What COVID-19 revealed about preventing pandemic influenza

Original article from Nature

COVID-19 vaccines arrived faster than any before. This success story offers lessons for producing vaccines that could save millions from pandemic influenza.

In early December 2020, Margaret Keenan became the first in the world to receive an approved COVID-19 jab. No previous vaccine had been developed in less than four years, but the Pfizer/BioNTech mRNA vaccine received by the 91-year-old in Coventry, UK, had reached the clinic in just 11 months. By June 2021, regulators had fully approved 8 COVID-19 vaccines, and no fewer than 92 others were being tested in clinical trials, thanks to seismic mobilization of scientific expertise. In the race to develop those vaccines lies lessons for preventing future global outbreaks—including the inevitable return of pandemic influenza.

“So much of the community responding to COVID is from the influenza research and development space,” says Marissa Malchione, ‎senior associate for Influenza Vaccine Innovation at the Sabin Vaccine Institute. “If we can harness that knowledge and experience, it could really propel progress towards next-generation, broadly cross-protective vaccines for influenza.” The following key lessons, drawn by experts in the field, offer a path forward.

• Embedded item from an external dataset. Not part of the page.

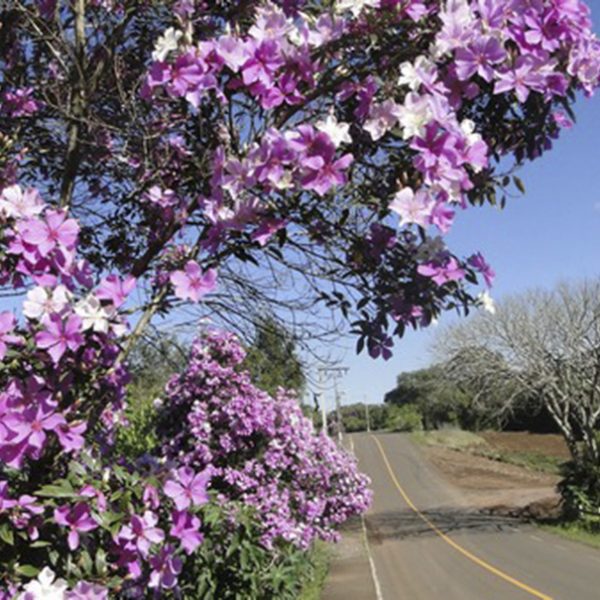 Divulgados vencedores do Concurso Fotográfico de Colinas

Build on a strong foundation of basic research. Chinese scientists reported the SARS-CoV-2 genome sequence in mid-January, and within weeks researchers at the US National Institutes of Health (NIH) and Moderna were able to develop its highly effective vaccine for COVID-19. Vaccine development benefited from knowledge acquired during and after the 2002 SARS outbreak and the 2012 MERS outbreak. “Wherever we had attended to the science, we could leverage it to streamline product development,” says Luciana Borio, vice president of technical staff at In-Q-Tel and former assistant FDA commissioner.

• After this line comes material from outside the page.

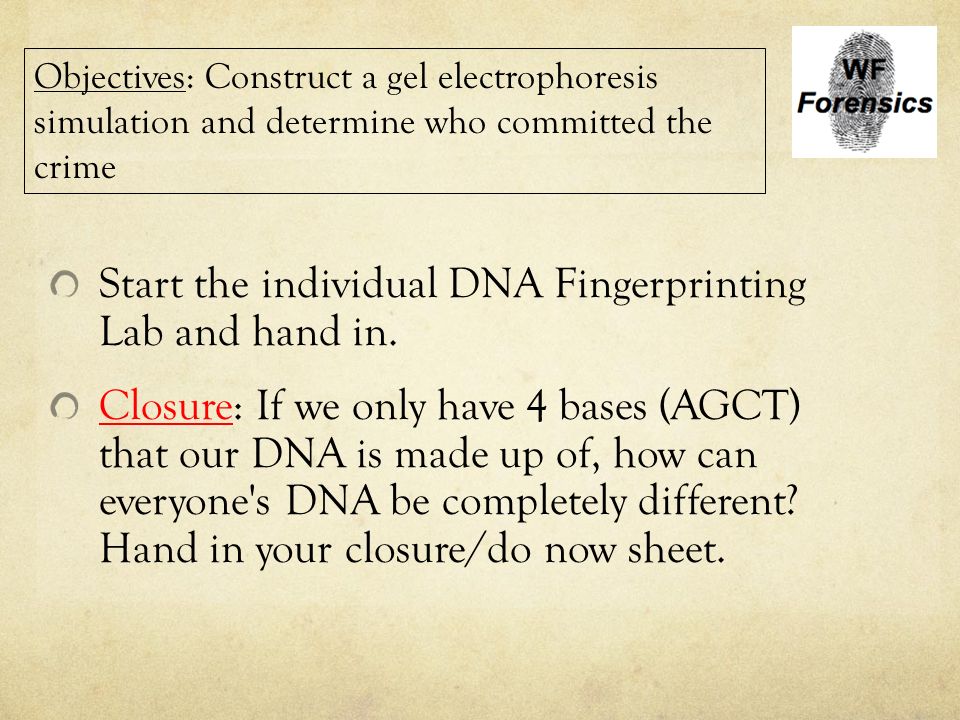 Start the individual DNA Fingerprinting Lab and hand in.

The Moderna mRNA vaccine was repurposed from an mRNA vaccine candidate developed during the 2012 MERS outbreak, and the Pfizer vaccine was repurposed from an adenovirus platform originally developed for Ebola. “mRNA vaccines had been in development for about 30 years, but until recently never had the business case to drive them forward,” says vaccine researcher Kathleen Neuzil, of the University of Maryland School of Medicine.